#### TASK PROMPT:
Skip every picture, then write out exactly the lines of the listing below from the line that contains "Front view of" through the final line.

#### PROVIDED MATERIAL:

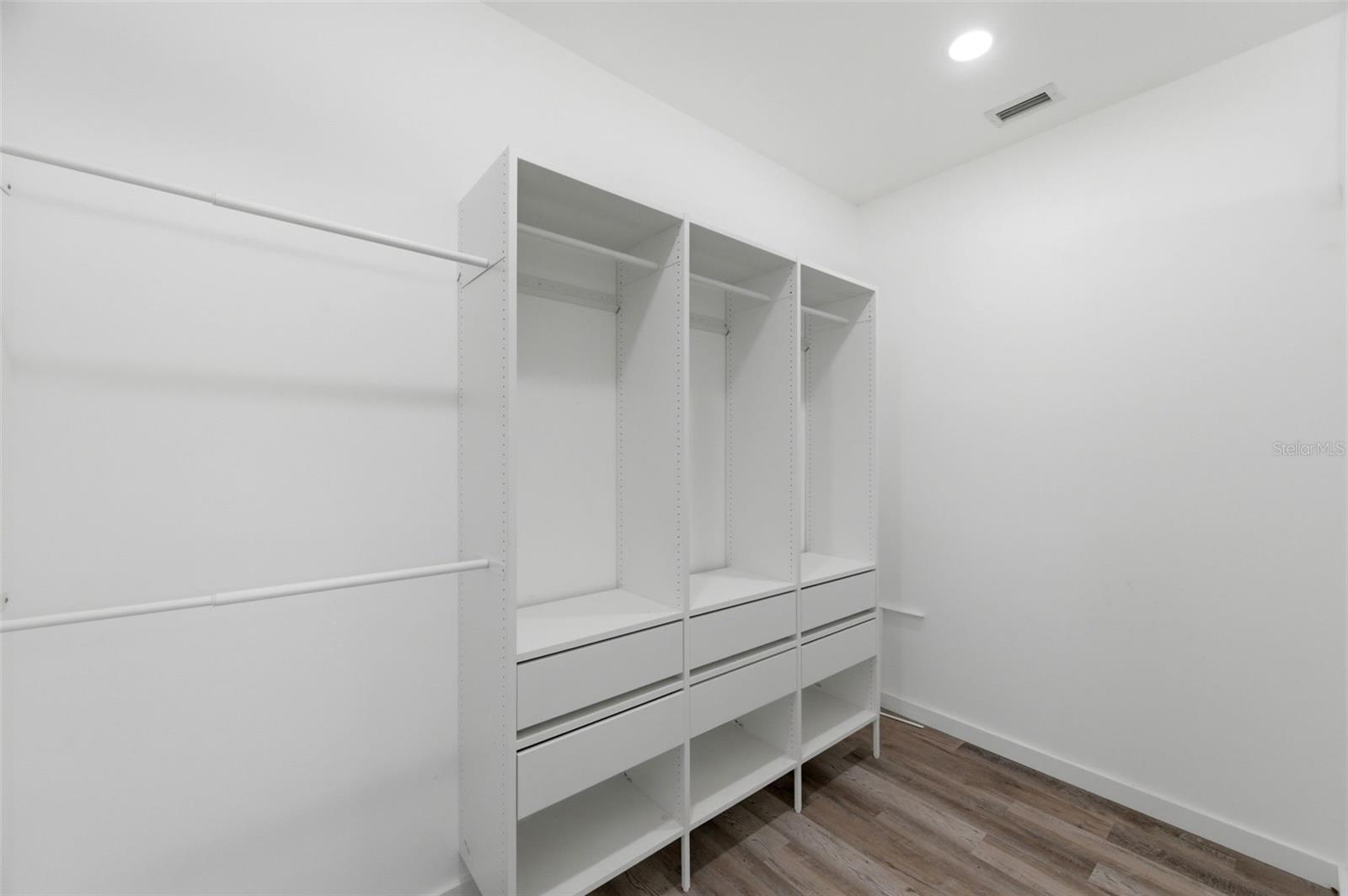 Walk in closet with custom build ins.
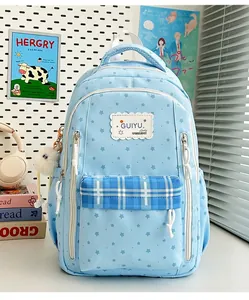 Front view of light blue star-patterned student backpack with plaid pocket detail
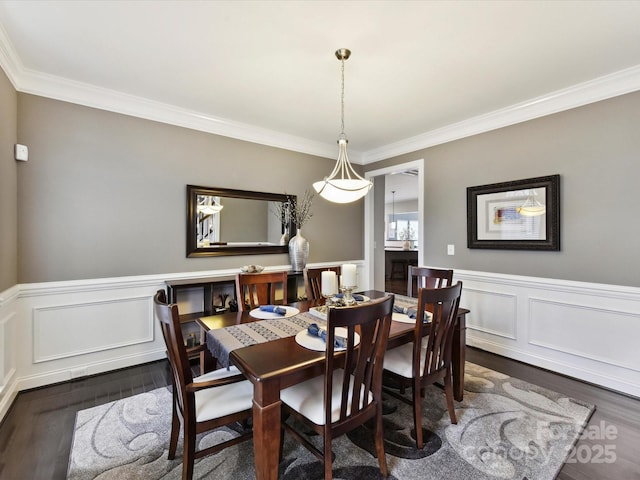 105 Beech Bluff Dr, Mount Holly, NC 28120 - dining area featuring dark wood-type flooring, ornamental molding, wainscoting, and a decorative wall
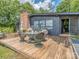 Outdoor seating area with table, umbrella, and four chairs on a wooden deck at 109 Joe Teague Rd, Hickory, NC 28601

#### ANSWER TO THIS TASK:
 Front view of light blue star-patterned student backpack with plaid pocket detail
 105 Beech Bluff Dr, Mount Holly, NC 28120 - dining area featuring dark wood-type flooring, ornamental molding, wainscoting, and a decorative wall
 Outdoor seating area with table, umbrella, and four chairs on a wooden deck at 109 Joe Teague Rd, Hickory, NC 28601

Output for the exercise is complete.